Brilliance of Biomimicry

As children, we would watch the skies and visualize the shapes of clouds as animals or characters. As adults, we observe nature and visualize its shapes for inspiration in engineering. We have grown from learning about nature to learning from nature. This way of thinking has led to what is called, “biomimicry” which refers to Earth-inspired design.

For decades, companies have researched and mimicked nature to evolve their own products to become economically sophisticated. One example is the Shinkansen Bullet train which is the fastest in the world. Upon its unveiling, it was also considered one of the loudest noise polluters in the area. Its engineers then redesigned the nose on a design based on the beaks of kingfishers which can dive silently into the water to retrieve its prey. This restructuring naturally led to a dramatic decrease in noise. One of the most cited successful examples of biomimicry is Georges de Mestral’s velcro which he patented in 1955 after observing how burs would stick to his clothing. More recently, NASA designed robotic feet inspired from geckos to help adhere to irregular surfaces in space.
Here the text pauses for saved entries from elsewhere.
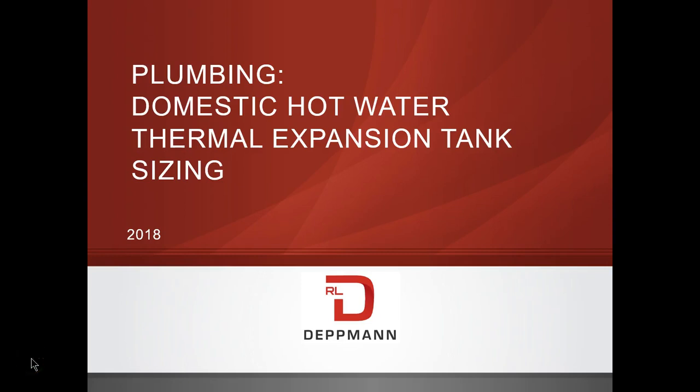Hi, my name is Norm Hall with the RL Detman Company. Today this short video will explain to engineers and plumbing contractors the sizing of thermal expansion tanks in plumbing systems, which are also known as water heater expansion tanks.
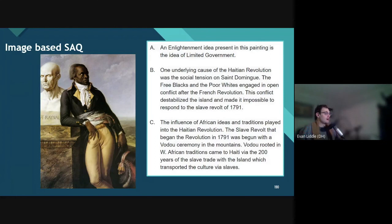Again, you could have chosen a totally different way to answer. I would encourage you to go back and practice writing other possible SAQ answers — it's never too bad to practice. I hope this helped a little bit. Thank you for joining me. My name is Mr. Little and I'll see you next time.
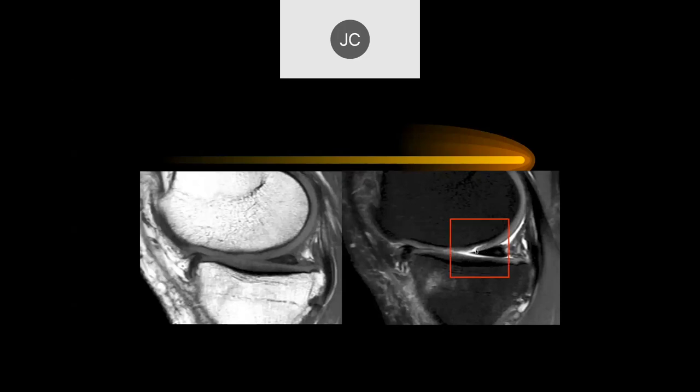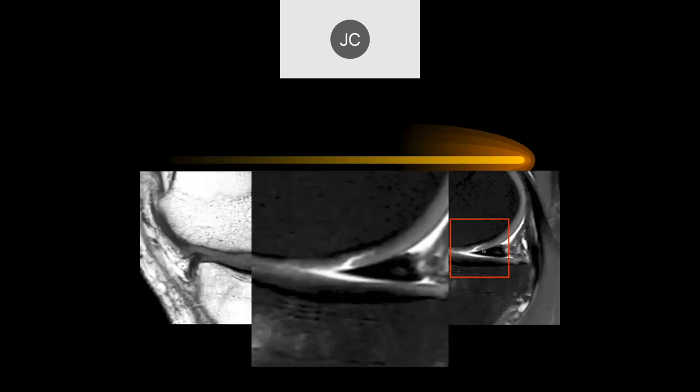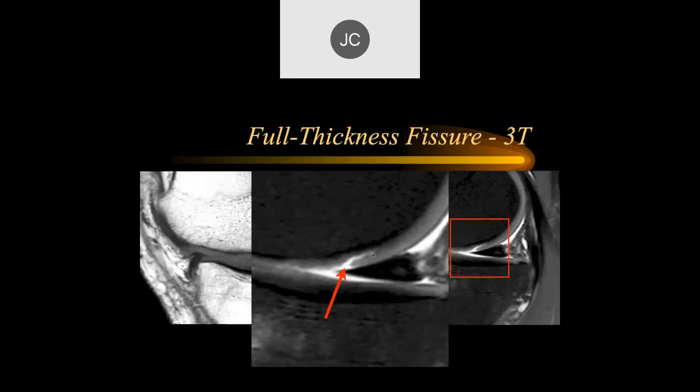If you try to measure this, you have to measure from there all the way over to there, because presumably if they're going to do a graft, they'll need to remove the unstable part. As John was saying, in a kid they might want to preserve it, but in adults that doesn't work very well — you usually have to remove the unstable fragment.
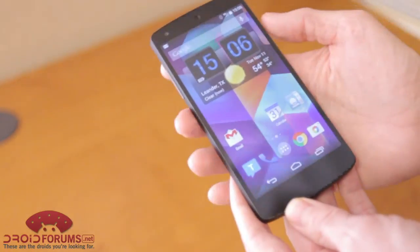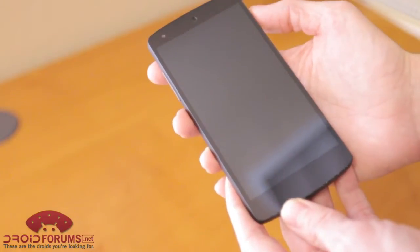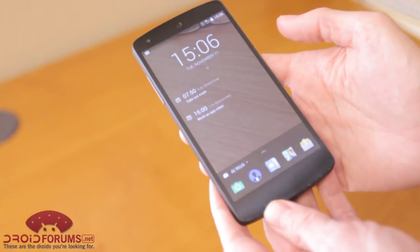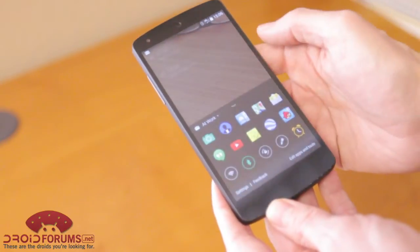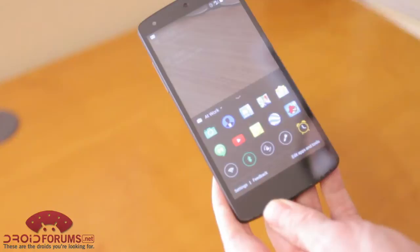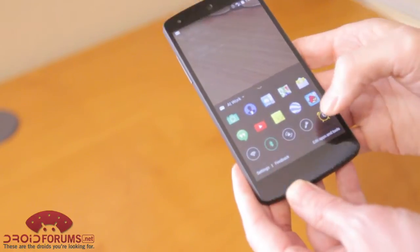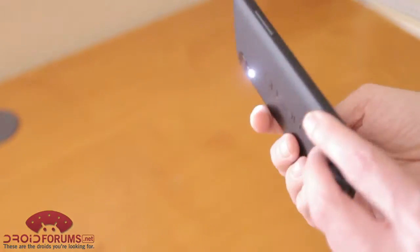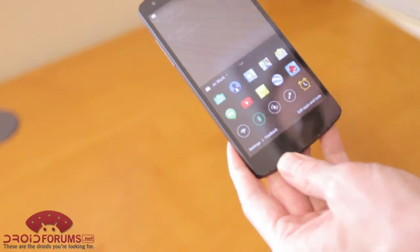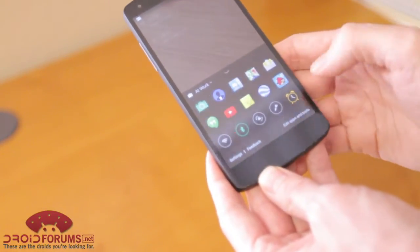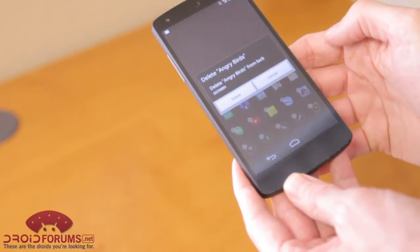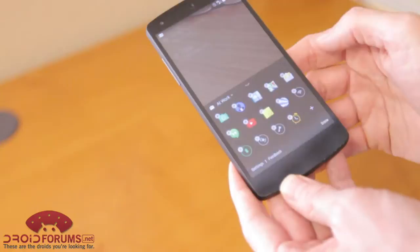Now, to come back out of it and show some of these other features — the other thing is you have a number of different customizable apps that you can put right on the lock screen. For example, you can even have the flashlight, you can see there. What's really neat about it is it's customizable. You can go edit apps, remove something that you don't like, and add something else in there.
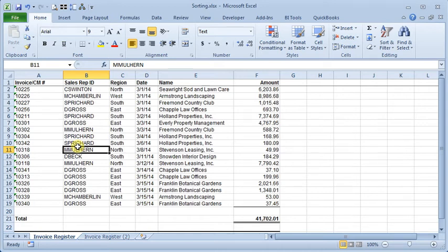In last month's video we talked about the basics of sorting in Excel. So this month I thought we'd talk about some of the more advanced options that you've maybe never taken time to explore.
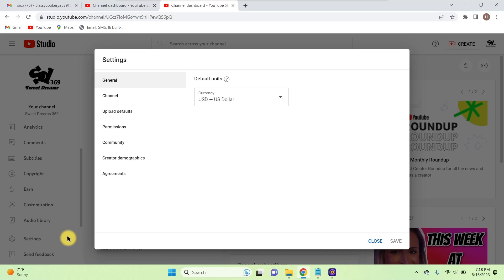Most of the time we think the channel ID is our channel link, but that's not true — the channel link is different from the channel user ID. They are both different from each other. You must note this point: user ID is different from channel ID. If you have a YouTube channel and you're creating videos almost every day or every week, you have to be aware of this.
What makes biomimicry so fascinating is its reliance on nature’s template in combining the natural with the unnatural. Plants, insects and animals have been refined into perfectly engineered specimens through years of processes such as adaptation and evolution. Rather than looking towards other forms of manmade technology, engineers look towards an already perfectly formed world that serves as a blueprint. By leaning into nature rather than pushing against it we can continue to find inspiration that will positively transform our lives.